Following passage of a law that prevents foreign companies from being listed on U.S. exchanges if they fail to meet certain Public Company Accounting Oversight Board standards, the Securities and Exchange Commission approved a rule establishing a framework for the law's implementation.
In late 2020, President Donald Trump signed the Holding Foreign Companies Accountable Act into law. That law prohibits foreign companies from having their securities listed on U.S. exchanges if they refuse or are unavailable for PCAOB inspections or investigations for three consecutive years.
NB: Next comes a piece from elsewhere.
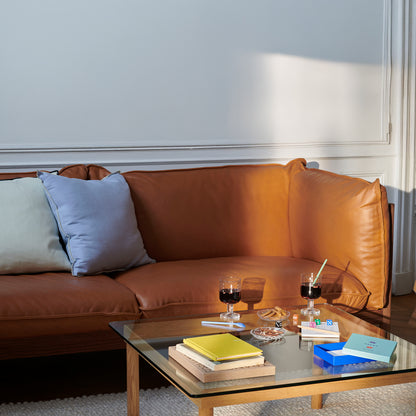Arbour 3-Seater Sofa by HAY - Walnut Frame / Nevada Cognac Leather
The law requires that the PCAOB determine whether it is unable to inspect or investigate completely registered public accounting firms located in a foreign jurisdiction because of a position taken by an authority in that jurisdiction. Currently, China's government refuses to allow the PCAOB to inspect audits of companies registered in China and Hong Kong, noted Sen. John Kennedy, R-La., who introduced the bill in 2019 along with Sen. Chris Van Hollen, D-Md., in a June news release.
In September, the PCAOB adopted a final rule implementing the Holding Foreign Companies Accountable Act. The final rule creates a framework for the PCAOB to use when determining whether it can audit foreign companies; the factors the PCAOB will evaluate and the documents and information the PCAOB will consider when assessing whether a determination is warranted; the form, public availability, effective date and duration of such determinations; and the process by which the PCAOB will reaffirm, modify or vacate any such determinations.
The SEC oversees the PCAOB and approved the rule Nov. 5. The rule is effective immediately.
"This is an important step to protect U.S. investors," SEC Chairman Gary Gensler said in a news release. "I believe it is critical that the commission and the PCAOB work together to ensure that the auditors of foreign companies accessing U.S. capital markets play by the same rules."
In May, the SEC adopted interim final rules that would amend several forms in order to implement the disclosure and submission requirements under the Holding Foreign Companies Accountable Act. Mr. Gensler said the SEC remains on track to finalize those rules before the end of the year.
The Senate in June passed via unanimous consent the Accelerating Holding Foreign Companies Accountable Act. That bill, introduced by Mr. Kennedy the same month, would reduce the number of years a foreign company can refuse PCAOB inspection to two years from three years before having their securities delisted. A companion version of the bill hasn't been introduced in the House.